→ TO DO:
Your answer should hold only the lines from the one containing "kitchen with light" through the last line below, copied exactly; pictures stay out.

→ MATERIAL TO PROCESS:
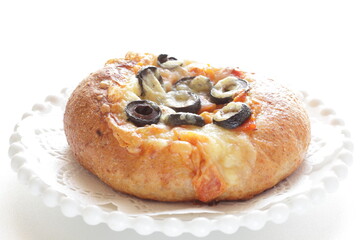 Black olive and cheese bread on white dish for breakfast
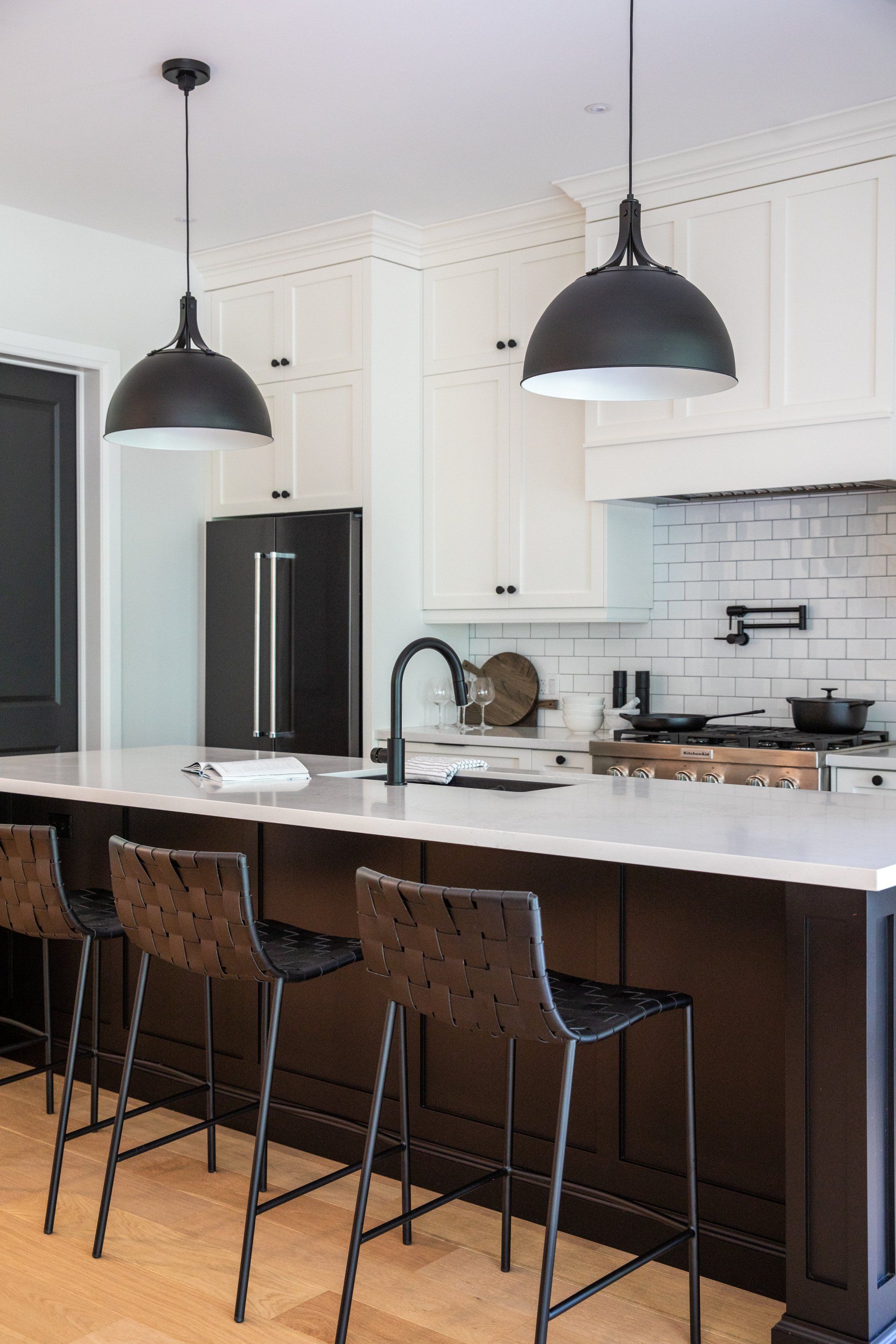 A kitchen with a long island , stools , a refrigerator and a sink.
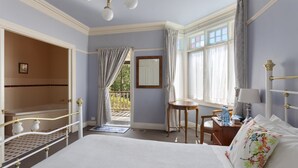 Quarto com uma cama grande, uma cadeira de madeira, uma mesa pequena, um espelho e uma janela com cortinas.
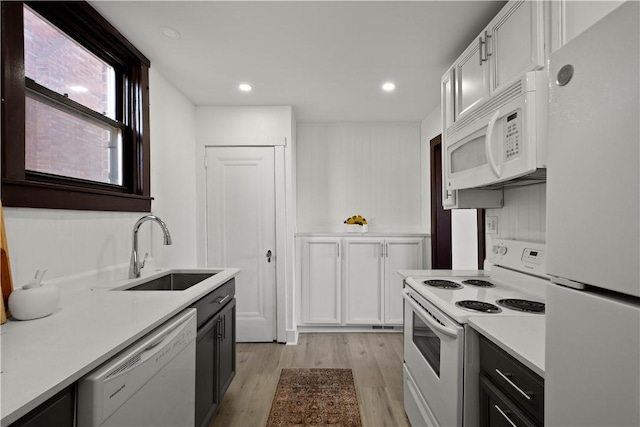 kitchen with light wood-type flooring, light countertops, white cabinets, white appliances, and a sink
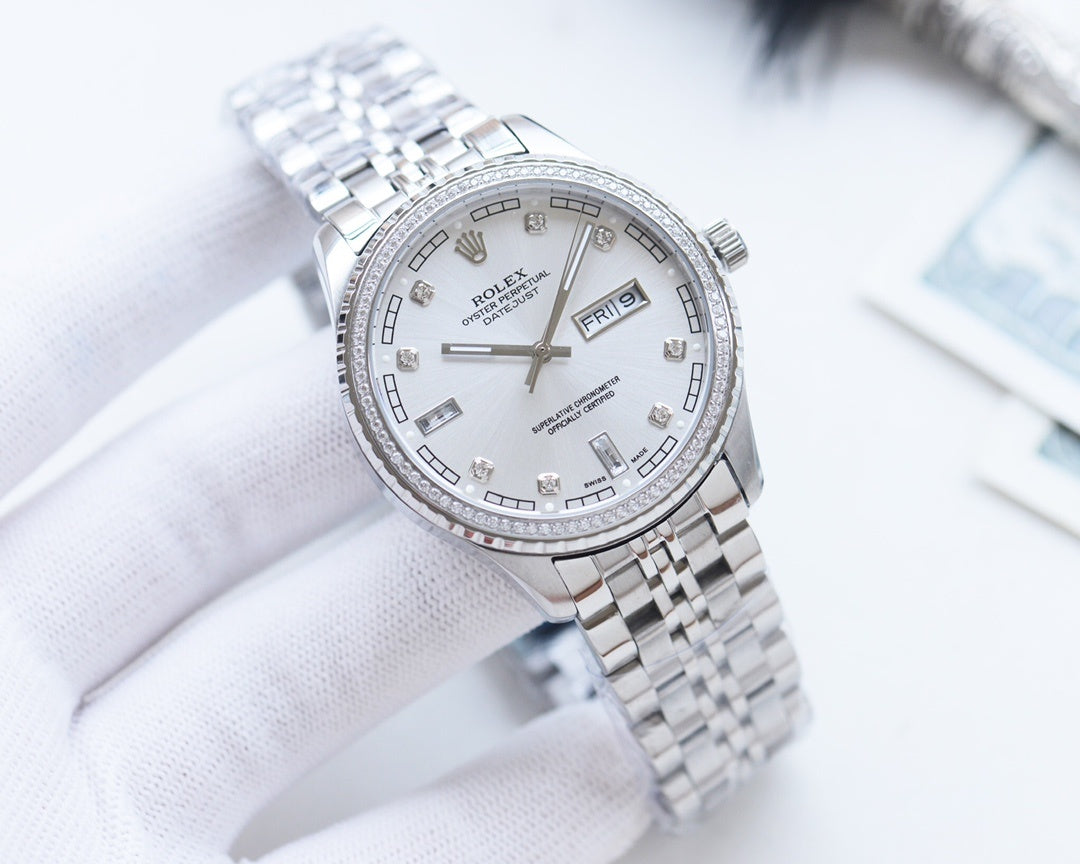 Rolex watch with white dial and silver metal bracelet, date window at 3 o'clock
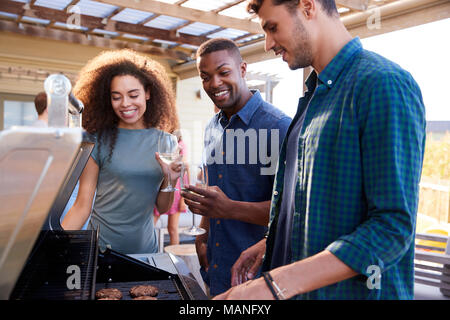 Eine Gruppe von Freunden mit Grill zu Hause zusammen Stockfoto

→ ANSWER BOX:
 kitchen with light wood-type flooring, light countertops, white cabinets, white appliances, and a sink
 Rolex watch with white dial and silver metal bracelet, date window at 3 o'clock
 Eine Gruppe von Freunden mit Grill zu Hause zusammen Stockfoto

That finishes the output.